Problem to solve – In the data below, set down exactly the lines from the one containing "Charming home with" up to and including the one containing "K&ouml;nnte beinhalten: Wei&szlig;er". Leave the pictures out.

Material supplied –

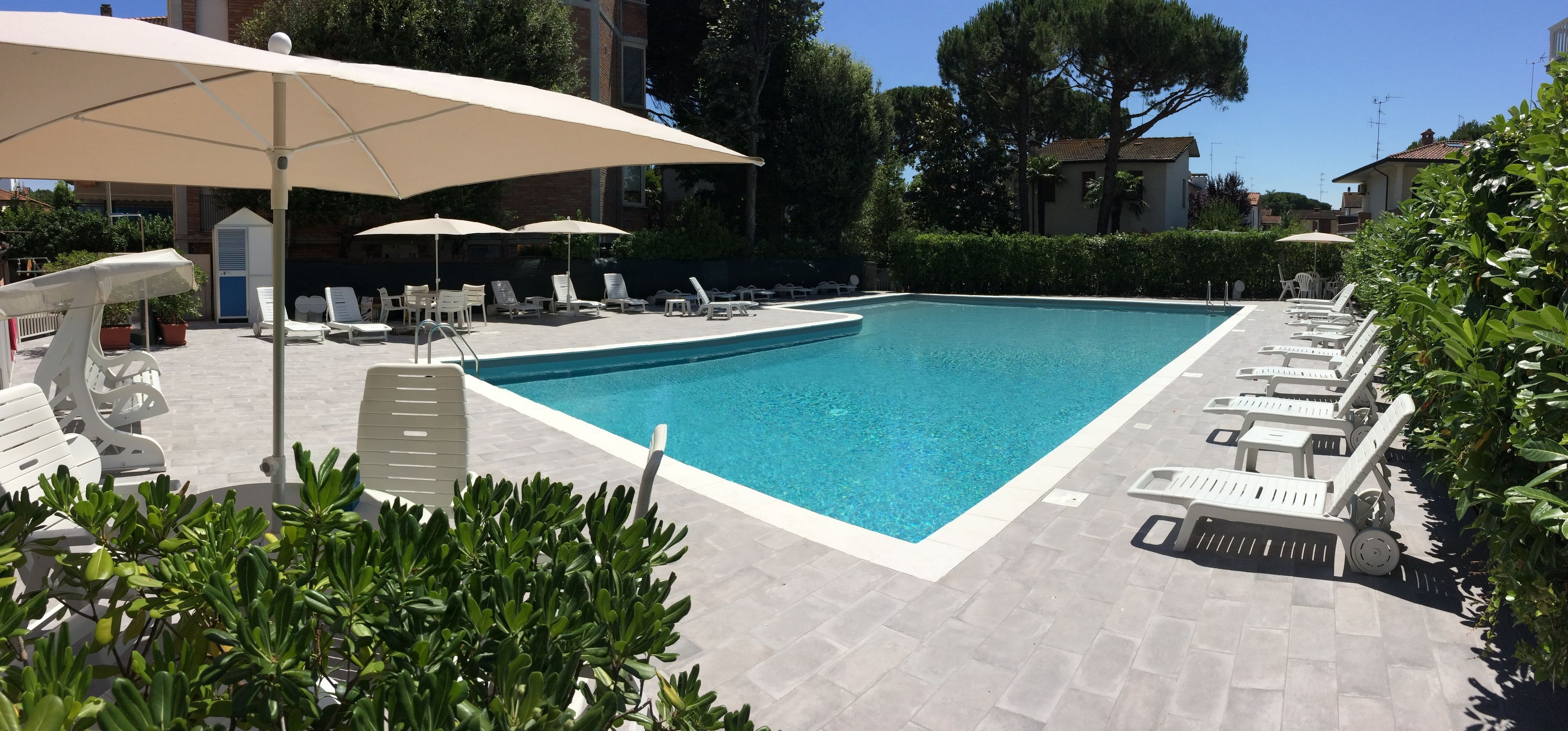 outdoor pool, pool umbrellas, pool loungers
--
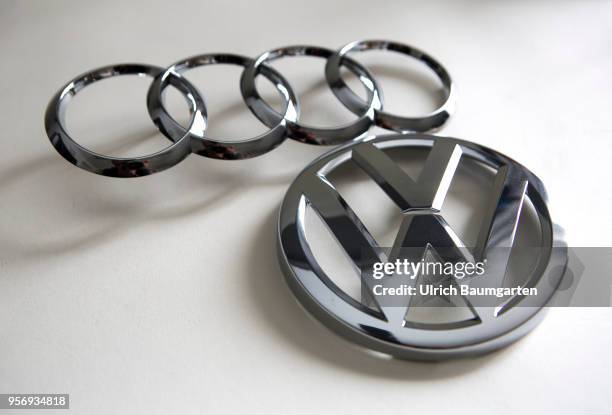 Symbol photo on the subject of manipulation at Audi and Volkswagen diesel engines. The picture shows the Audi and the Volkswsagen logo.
--
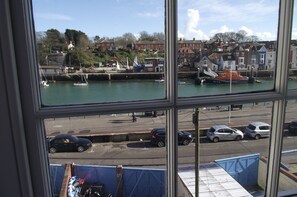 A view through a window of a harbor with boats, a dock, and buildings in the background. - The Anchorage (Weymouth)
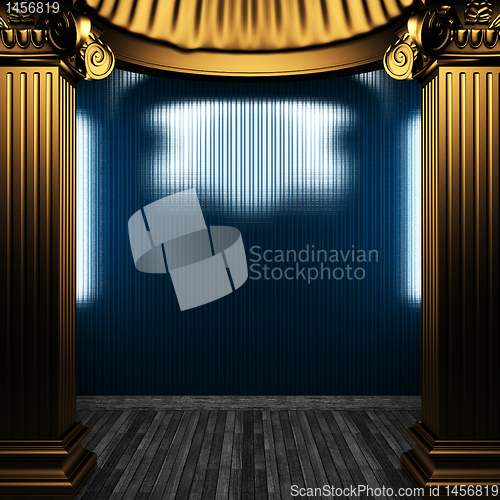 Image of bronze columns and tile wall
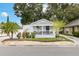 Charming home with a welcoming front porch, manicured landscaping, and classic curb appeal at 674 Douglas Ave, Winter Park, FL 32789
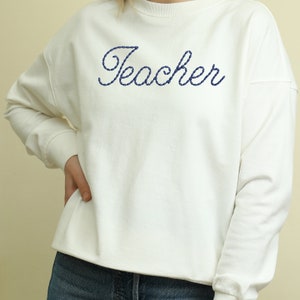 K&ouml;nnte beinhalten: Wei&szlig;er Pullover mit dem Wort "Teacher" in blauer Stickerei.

Result for this task –
 Charming home with a welcoming front porch, manicured landscaping, and classic curb appeal at 674 Douglas Ave, Winter Park, FL 32789
 K&ouml;nnte beinhalten: Wei&szlig;er Pullover mit dem Wort "Teacher" in blauer Stickerei.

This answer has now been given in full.